Twenty years of work done, twenty-five more to go. It practically made him hyperventilate, just thinking of that unbearable passage of time inside dull police stations, among the files of incomplete bloody awful investigations. When he was finally allowed to retire, Jonas would be thirty-two. Fuck's sake! What would they say to each other then?

Ewert understood, even though he had no family and his time in uniform, for him, was his entire life. He ate, drank, breathed police work. Even so, he too had felt that it was meaningless, but, worse luck for him, having made policing part of his being meant he would cease to exist when it ended. He understood all right, but couldn't be bothered with his insights.

'Ewert.'

'Yes.'

'I want to go home.'

Ewert had gone down on his knees, collecting the scattered rubbish from his second go at the wastepaper basket. Mushy pieces of banana peel had left stains on the pale brownish carpet.

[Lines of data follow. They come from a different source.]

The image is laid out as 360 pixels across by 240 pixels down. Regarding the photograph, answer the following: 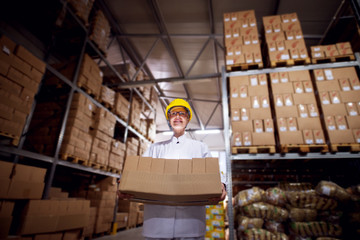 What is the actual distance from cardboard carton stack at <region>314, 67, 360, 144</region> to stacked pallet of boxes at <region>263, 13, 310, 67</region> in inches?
21.0

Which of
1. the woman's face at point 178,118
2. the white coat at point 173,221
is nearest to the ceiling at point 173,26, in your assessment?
the woman's face at point 178,118

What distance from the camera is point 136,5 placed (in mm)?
6887

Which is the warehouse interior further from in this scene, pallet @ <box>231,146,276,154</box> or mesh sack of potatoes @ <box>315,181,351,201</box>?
mesh sack of potatoes @ <box>315,181,351,201</box>

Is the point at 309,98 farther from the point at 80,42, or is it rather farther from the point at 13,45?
the point at 80,42

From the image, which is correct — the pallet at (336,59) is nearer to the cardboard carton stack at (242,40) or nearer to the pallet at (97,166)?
the cardboard carton stack at (242,40)

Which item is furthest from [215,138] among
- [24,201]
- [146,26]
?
[24,201]

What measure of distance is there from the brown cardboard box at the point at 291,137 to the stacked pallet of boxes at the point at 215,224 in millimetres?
2259

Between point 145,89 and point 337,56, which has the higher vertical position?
point 145,89

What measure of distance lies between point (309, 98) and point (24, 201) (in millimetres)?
5577

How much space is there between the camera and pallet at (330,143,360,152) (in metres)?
3.35

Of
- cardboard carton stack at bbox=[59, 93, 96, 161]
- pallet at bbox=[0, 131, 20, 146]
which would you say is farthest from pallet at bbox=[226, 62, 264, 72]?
pallet at bbox=[0, 131, 20, 146]

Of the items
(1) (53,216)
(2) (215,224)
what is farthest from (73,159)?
(2) (215,224)

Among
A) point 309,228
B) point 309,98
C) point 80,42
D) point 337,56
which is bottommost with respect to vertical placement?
point 309,228

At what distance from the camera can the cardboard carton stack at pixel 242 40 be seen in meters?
4.31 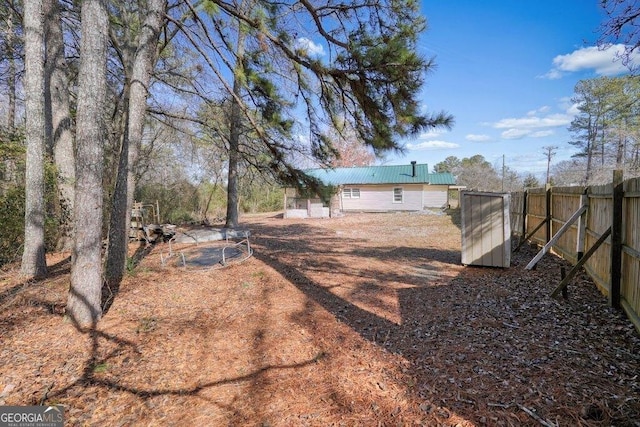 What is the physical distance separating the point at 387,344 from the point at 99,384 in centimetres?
272

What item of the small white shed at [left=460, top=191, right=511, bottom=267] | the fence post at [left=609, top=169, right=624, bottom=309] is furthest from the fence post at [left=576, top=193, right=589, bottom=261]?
the fence post at [left=609, top=169, right=624, bottom=309]

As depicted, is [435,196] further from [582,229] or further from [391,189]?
[582,229]

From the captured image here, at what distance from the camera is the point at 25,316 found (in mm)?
3836

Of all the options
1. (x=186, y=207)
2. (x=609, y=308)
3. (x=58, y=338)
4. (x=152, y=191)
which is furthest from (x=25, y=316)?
(x=186, y=207)

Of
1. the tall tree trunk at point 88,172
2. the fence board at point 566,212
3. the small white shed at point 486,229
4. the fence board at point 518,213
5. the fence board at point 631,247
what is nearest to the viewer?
the fence board at point 631,247

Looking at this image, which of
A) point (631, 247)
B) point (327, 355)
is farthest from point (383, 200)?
point (327, 355)

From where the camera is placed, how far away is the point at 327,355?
3.13m

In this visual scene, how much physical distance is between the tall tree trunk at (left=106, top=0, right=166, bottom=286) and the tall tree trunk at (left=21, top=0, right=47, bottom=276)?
1.41 m

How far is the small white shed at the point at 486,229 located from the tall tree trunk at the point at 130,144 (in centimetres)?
660

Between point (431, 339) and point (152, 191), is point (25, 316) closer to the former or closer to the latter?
point (431, 339)

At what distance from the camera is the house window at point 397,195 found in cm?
2327

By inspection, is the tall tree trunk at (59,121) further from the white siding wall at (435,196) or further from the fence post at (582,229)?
the white siding wall at (435,196)

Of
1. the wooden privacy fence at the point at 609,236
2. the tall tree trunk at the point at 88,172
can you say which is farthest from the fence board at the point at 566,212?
the tall tree trunk at the point at 88,172

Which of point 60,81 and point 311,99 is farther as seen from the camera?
point 60,81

'I know you do. And so you will. As soon as we've got Lund.'

His head popped up over the edge of the desk, looking at the alarm clock.

'It's been six and a half hours now and we still know bugger all. Nil. Looks like you'll have to wait for your birthday cake.'

'Care For My Heart', originally called 'Pick Up the Pieces', with choir and orchestra, recorded in Sweden, 1963. Siw Malmqvist, her third mixed tape. On the box, an out- of-focus photograph of Siw, beaming at the admiring camera.

'I took that picture, did you know that? In the Kristianstad Palais, back in 1972,.'

He bowed to Sven, made a sweeping gesture with one arm.

'Would you like to dance?'

Then he turned round and began a solo dance. Strange to behold, the tough old policeman with his limp, weaving round his desk to the tune of early sixties folk pop.

They used Sven's car. The box with the gateau and the carrier bag with the bottles were pushed away on the rear window shelf. The heatwave had emptied the centre of the capital, anyone who could, got away, longing for parks, beaches, open water, a breeze. The hot dark tarmac was unresponsive, everything bounced off it, even breath.

They were heading for the E18 route north-westwards out of town. Sven drove fast, past two lights on amber, then two on red, and the few cars waiting for green hooted angrily every time he ignored the signals. A national alert was on, two dozen constables from the City Police were at their beck and call, but still they hadn't learned one single new thing.

'He licks their feet, you know.'

Ewert, staring straight ahead, had broken the silence in the car. Sven shivered, almost slipping out of the overtaking lane and into a bus.

'Never seen anything like it. I've seen raped children, murdered children, even children tortured with sharp metal objects, but this… never. Lying there on the concrete floor, looking as if they'd been thrown there, covered in muck and blood, but with perfectly clean feet. The medic confirmed that their feet were coated in saliva, lots of it. He had been licking them for minutes on end, probably before and after killing them.'

Sven drove faster. The bottle bag slipped about on its shelf, rattling insistently.

'The shoes too. Their clothes were in neat piles, a few centimetres apart, shoes last. A pair of pink leather shoes and a pair of white trainers. The clothes were as dirty as the girls. Gravel, dust, blood. Not the shoes. They shone. Plenty of saliva, more than their feet. He must have been at it for even longer with the shoes.'

The summer lull affected even the traffic on the E18. Sven stayed in the fast lane, overtaking all other cars at speed. He could not bear talking, didn't want to ask questions about Lund, didn't want to learn more about him. Not just now. He almost missed the junction with the much smaller road to Aspsås, stamped on the brakes and wrenched the car across three lanes.

Lennart Oscarsson was waiting in the parking lot, ready to greet them. He looked haunted and nervous. He knew what Grens thought about his decision to leave two guards with the responsibility of transporting Lund across the city at night.

Ewert didn't hold out his hand at once; he hung back for a few seconds because it amused him to shame one of the many idiots that cluttered up his life.